Lenten Devotion Day 36

Feed My Spirit

The Last Supper

Bread is such a basic part of our lives. Most of us eat bread every day. Same thing in Jesus’ time. Bread was eaten daily. Bread was used in religious observances. Jesus understood the importance of bread in our lives. He knew bread was something we use regularly.

On the night He was betrayed, Jesus gave new meaning to wine and bread. He wanted His disciples, and us, to remember the sacrifice He made for us. He shed His blood and gave His body for us. Each time we take Communion, He wants us to remember this.

There is more to it than that. This is not just about those times we take communion. It is not just about remembering the sacrifice Jesus made for each of us. According to the dictionary, Communion is “the sharing of intimate thoughts and feelings, especially when the exchange is on a mental or spiritual level.” When we take communion, we are able to share our thoughts and feelings with Jesus. Jesus is able to share His thoughts and feelings with us. This is another very important part of communion but I believe it goes farther than that.

Communion is sometimes referred to as a “meal.” Meals are important. This is a time when we are able to come together with others, people that are important to us, and share our thoughts and feelings, the events of the day.

Unfortunately, sharing meals has become a lost activity in some families. Everyone is “too busy” to sit down all at one time to eat together. Ok. I’m not going to argue with anyone about that. You understand your family schedule better than I do.

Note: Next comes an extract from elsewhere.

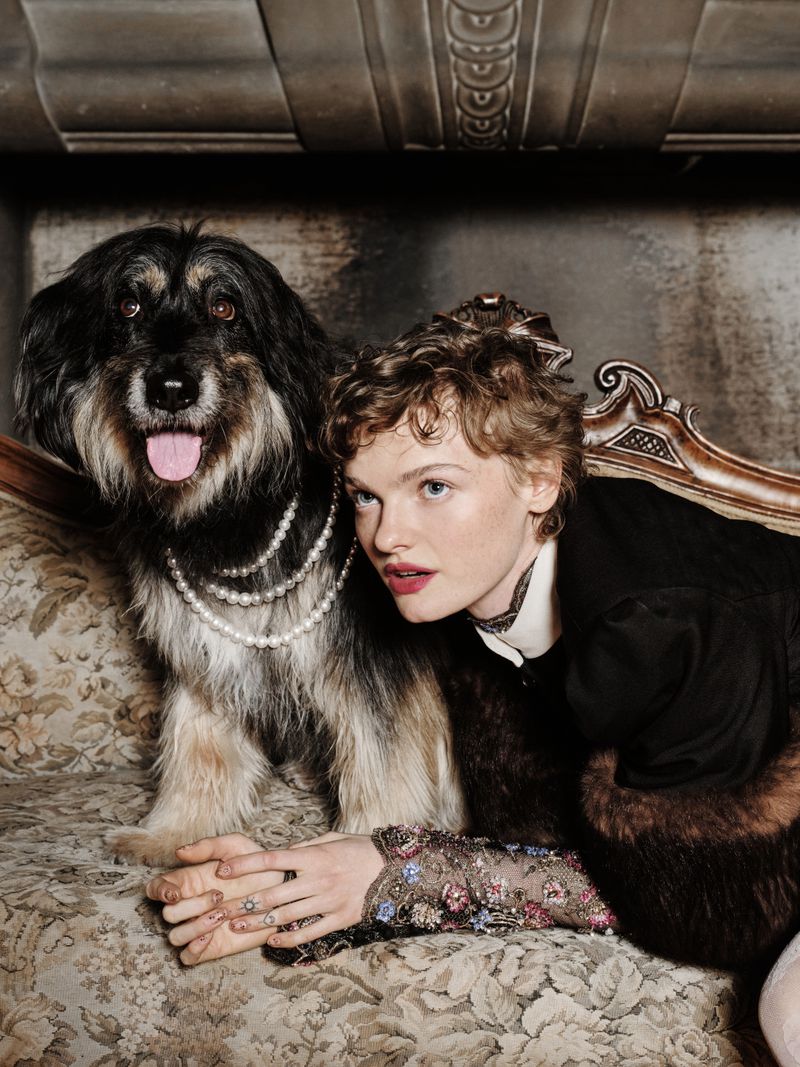 Woman and dog pose on vintage sofa. The woman wears a dark jacket with floral-embellished sleeves. The dog wears a pearl necklace.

However, there must be times during the week when family meals can be scheduled.

In my church, communion is not a daily or weekly event. It is only observed every few months and on specific occasions, making this sacred meal so very special for all of us. It’s a time we come closer together as a faith family. It’s a time we come closer to God.

This sharing, coming to the table, is important whether in the church or the home. Busy or not, it’s very important for your family to find time to come to the table.

Discussion Questions

1. Communion helps us feel closer to God. Discuss communion with your family. Talk about the way you feel when you take communion.

2. Talk to your kids about other ways to communicate with God.

3. We work hard to feel people physically. How can we feed them spiritually?

4. Does your family sit down to dinner regularly? If not, how can you make this happen?

5. At dinner, do family members talk to one another? What do you discuss?

6. How can you make your dinners a time for sharing thoughts and feelings?

7. How can you help your family understand the importance of eating together?

Lenten Devotion Day 35

I Said Get Out!

Jesus Cleanses the Temple

In ninth grade, I was chosen to be on the school paper. I still remember being taught the basics of journalism: Dog bites man is not news; Man bites dog is news.

This expression seems very outdated now but the idea still holds true. Man bites dog is news not simply because it is extraordinary but also because it is shocking. News often shocks us. We are appalled to hear the actions of others, actions that go against the norm. Unfortunately, there are times when those actions are not done in one big shocking event but little by little over time. When this happens, society becomes accustom to the abnormal and accepts it as normal. Man biting dog is no longer news.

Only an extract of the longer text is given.